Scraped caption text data
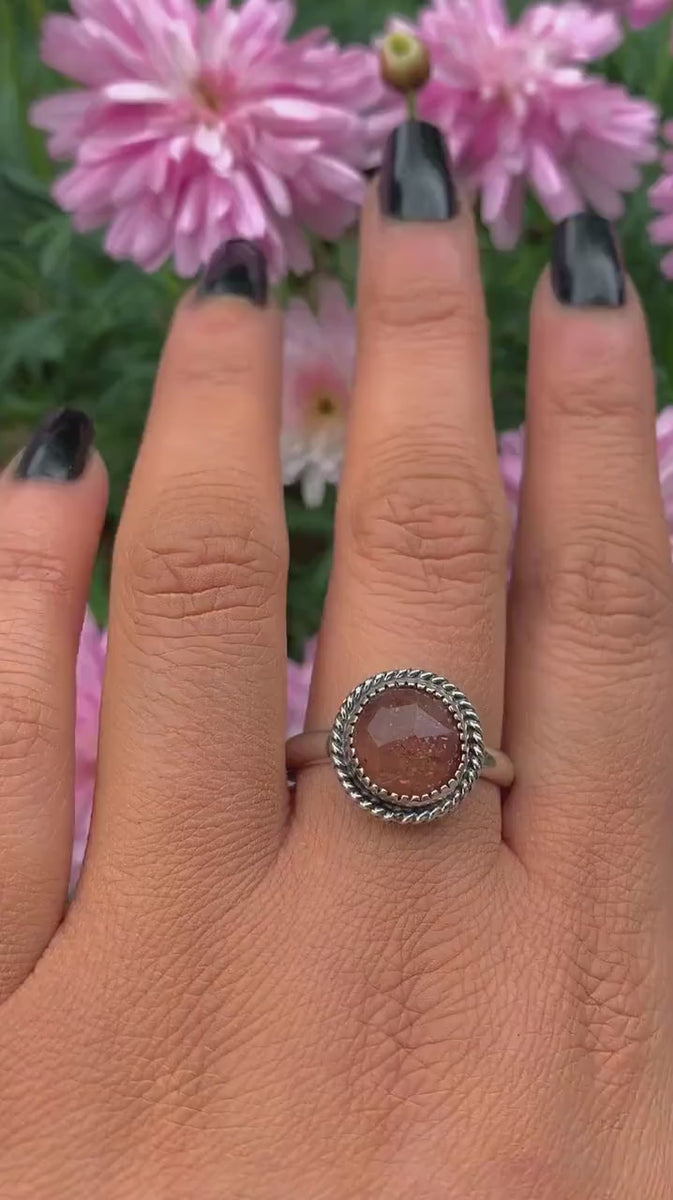 Rose Cut Sunstone Ring - Size 12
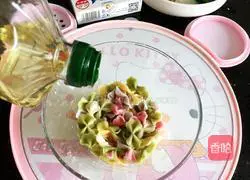 Baby Fish Intestine Butterfly Noodles Recipe Illustration 6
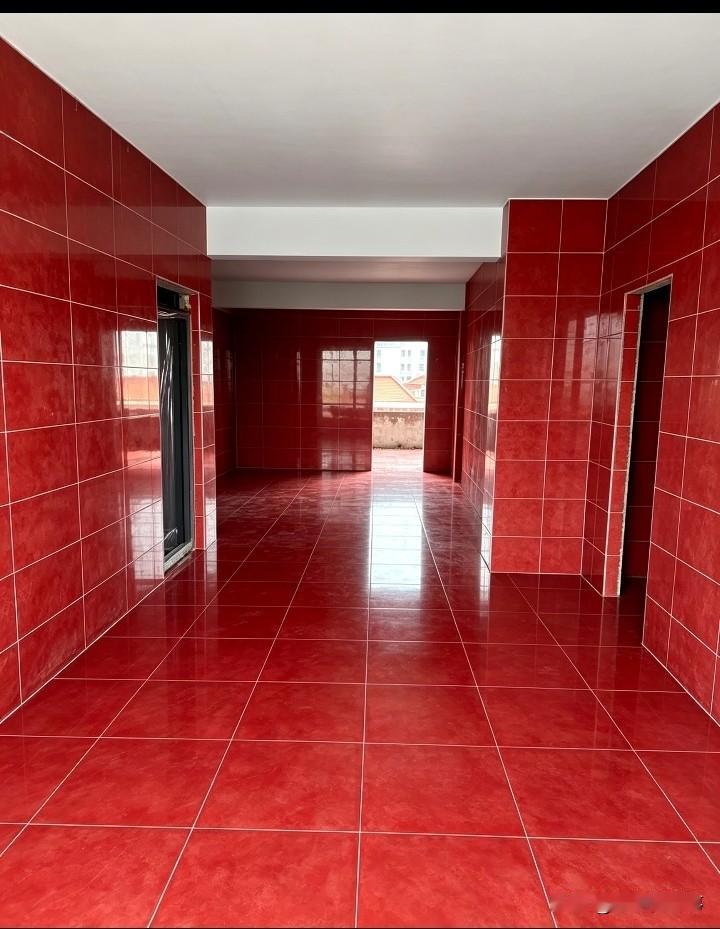 红红的，好看吗？
施工三个月，终于完工了，部门领导邀请我们去做客，你们觉得好看？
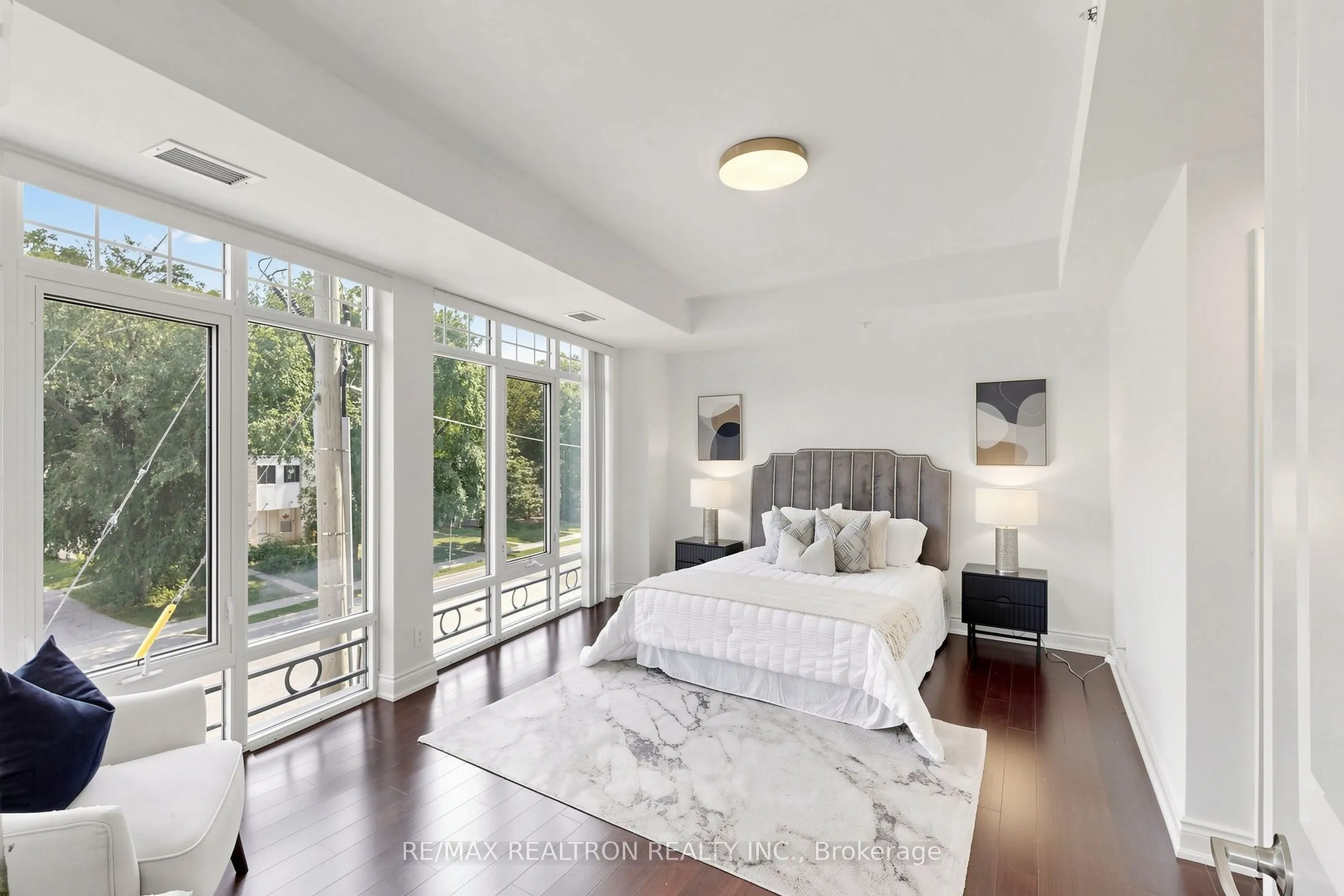205 Lakeshore Road W #201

- Work required:
Reproduce the records above exactly, but only from the line containing "Baby Fish Intestine" through the last line, both included, and without any pictures.

- Output for this exercise:
 Baby Fish Intestine Butterfly Noodles Recipe Illustration 6
 红红的，好看吗？
施工三个月，终于完工了，部门领导邀请我们去做客，你们觉得好看？
205 Lakeshore Road W #201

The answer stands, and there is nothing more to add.